Most of us are stuck in left brain thinking (logical) or right brain thinking (creative). Geniuses are known to have the ability to traverse back and forth between the left and right brain easily. Dancing requires the ability to develop the skill to go back and forth between the left brain (learning steps, positions….) and the right brain (dancing in a rhythmical way and expressing the music in your own highly individualistic way).

In decades past medicine dictated that we were unable to renew brain cells that died with aging. That edict has been changed and it is now known that when you learn a new activity like dancing, your brain actually makes new dendritic branches that increase intelligence and memory.

Dancing maintains your ability to balance which otherwise declines as we age. Then some people fall and break a hip. Oh my! But wait, dancing increases the flexibility of your tendons and ligaments, which enhances absorption of the 22 minerals needed to make stronger bones. Thus, dancing increases bone mass as well.

As time gently passes our lumbosacral spines fuse (lock up). The positions required to ballroom dance well maintain and increase the flexibility of your spine. There is also an increase in blood flow to all of your joints which helps create the synovial enzymes required to prevent osteoarthritis.

We see ourselves in those mirrors! So dancing makes us more aware of how important it is to stay or get lean. As a result many dancers learn more about nutrition and eat more whole (real) food.  Because dancing is both aerobic and anaerobic, you burn calories and build muscle.
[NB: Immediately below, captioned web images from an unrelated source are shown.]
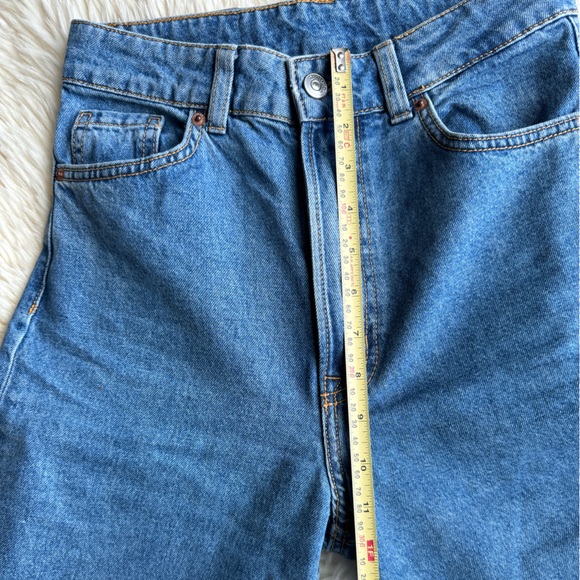 High rise wide leg medium wash denim jeans, size 2 - Picture 5 of 8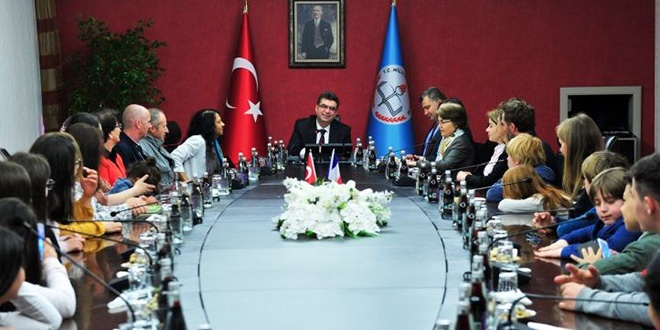 Bakan Yard. Erdem, dereceye giren öğrencileri kabul etti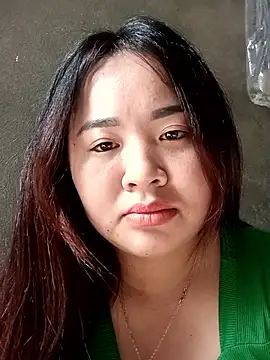 Bee-bgolden online show from 11-28-25, 02:56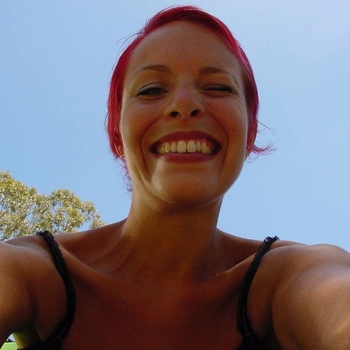 RedHead_Daisy, vrouw (36 jaar) wilt contact in Noord-Holland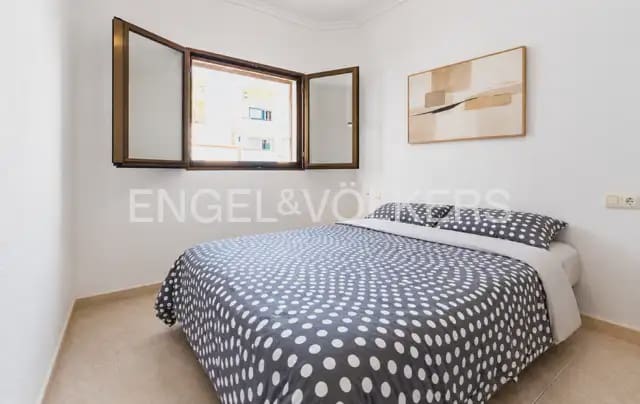 Pareado de 4 habitaciones en Sueca en alquiler con garaje - 1.500 € (Ref: 10116072)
With aging we lose about 1/2 to one pound of muscle a year. Muscle requires calories to stay alive, fat does not.

As we slowly improve, as our bodies and minds become healthier because of our commitment to something outside of ourselves ~ our self esteem improves. Socialization is a major component of happiness and ballroom dancing provides us with the opportunity to meet many wonderful and interesting people. We actually need 22 hugs a day which usually happens during a dance class in a socially appropriate way.

Ballroom dancing provides a sense of order and demonstrates how beautifully gracious we can be. Dancing helps us achieve flow which is described by one of my favorite books about happiness as developing a mind that seeks new challenges and makes an effort to meet them. When we find those opportunities for deep concentration, we forget ourselves and realize the most profound satisfaction.

Ballroom dancing has done this and more for me. I commend you to experience dancing for yourself.